**Assignment**
Using the listing below, print exactly everything from the line with "Iranian Shiite Muslim" down to the line with "TWO CHINESE WHITE", both included, and nothing more.

**Record excerpts**

================================

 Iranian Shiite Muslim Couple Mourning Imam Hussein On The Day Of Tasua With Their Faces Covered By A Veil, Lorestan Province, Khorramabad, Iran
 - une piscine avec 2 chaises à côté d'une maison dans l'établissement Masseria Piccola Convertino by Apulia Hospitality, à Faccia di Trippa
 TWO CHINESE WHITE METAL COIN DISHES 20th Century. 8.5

================================

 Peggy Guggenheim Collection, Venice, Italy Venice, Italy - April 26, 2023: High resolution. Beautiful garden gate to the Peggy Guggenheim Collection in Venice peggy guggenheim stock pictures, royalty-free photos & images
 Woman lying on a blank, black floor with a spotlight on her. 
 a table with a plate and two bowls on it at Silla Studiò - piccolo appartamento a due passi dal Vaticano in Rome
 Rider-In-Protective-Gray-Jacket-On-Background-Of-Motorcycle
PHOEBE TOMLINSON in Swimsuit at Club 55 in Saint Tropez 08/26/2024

================================

**Task output**
 Iranian Shiite Muslim Couple Mourning Imam Hussein On The Day Of Tasua With Their Faces Covered By A Veil, Lorestan Province, Khorramabad, Iran
 - une piscine avec 2 chaises à côté d'une maison dans l'établissement Masseria Piccola Convertino by Apulia Hospitality, à Faccia di Trippa
 TWO CHINESE WHITE METAL COIN DISHES 20th Century. 8.5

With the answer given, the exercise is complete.